Haredi culture holds in high regard men who dedicate their lives to studying Talmudic text in institutions known as yeshivas and kollels, and the government encourages the study of the Torah by paying them a small stipend. However, it is common practice for women to work to support their families.
Dati, originating from modern Hebrew, means modern Orthodox or religious. Although members of the Dati group are as religiously observant as the Haredim, they are not opposed to the idea of integrating into modern society and working secular jobs. Datiim make up 10 percent of adults in Israel, and nearly all of them believe in the existence of God.
Just like the Haredim, their community follows the Jewish law to the letter. They observe Shabbat, study the Torah, keep kosher and dress modestly like the Haredim, but the men wear skullcaps and the women cover their hair if they are married, though not necessarily with a wig.
The Datiim value career and success and world travel, and the men are more likely to serve in the Israeli military than are the Haredim.
The Masortim, whose name translates as ‘traditional [people],’ make up 29 percent of Israeli Jews and are identified as the country’s second largest group.

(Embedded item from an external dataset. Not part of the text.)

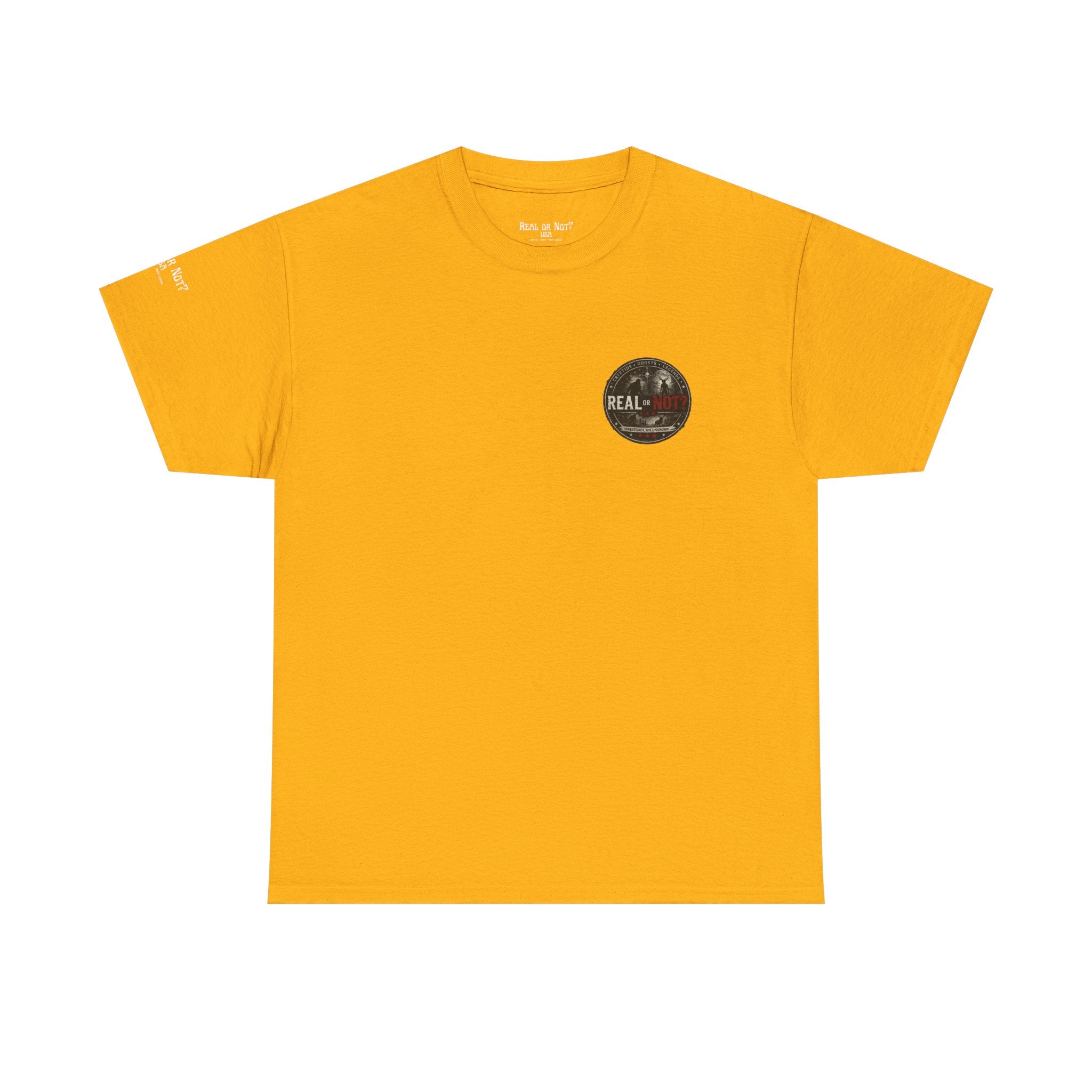 Official Real or Not? USA Vintage Graphic T-Shirt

Out of the four groups, they hold the most diverse views and live between the boundaries of Orthodox and secular teachings, so while they may not conform to religious practices fully, they are more likely to follow Jewish laws and traditions compared with secular Jews. They will avoid non-kosher food, observe the separation of milk and meat in the kitchen and take part in traditional events such as bar mitzvah and brit milah. The men don’t always wear a kippa, and if they do, it’s mostly on Shabbat and during Jewish festivals.
While the Haredim and Datiim are united in their views of not using public transport during Shabbat, the Masortim are split on the issue, with 52 percent opposing the closure. They are also more likely to marry outside their group and maintain close ties with the other subgroups – ‘less than half of the Masortim’s close friends are from their own group,’ according to the Pew Research survey.
The Hilonim are the largest Jewish group in Israel, making up almost half of Israeli Jews. As the number of immigrants from European countries has increased, so has the number of secular Jews in Israel.
Their name comes from the Hebrew word hulin, meaning secular or mundane. While the majority of them share a secular outlook and consider Judaism to be about tradition, culture and ancestry rather than religion, about 18 percent of the community are certain in their belief in God. They observe Hanukkah and attend Passover celebrations but consider these to be cultural rather than religious events.
The Hilonim clash with the Haredim over the latter’s lack of participation in the Israel Defense Forces and for supporting stores’ closure during Shabbat. The Hilonim are also likely to marry someone from their group and socialise with people who share their views.
Although the Hilonim are proud to be Jewish and believe in a Jewish state, 59 percent say that they consider themselves Israeli first and Jewish second.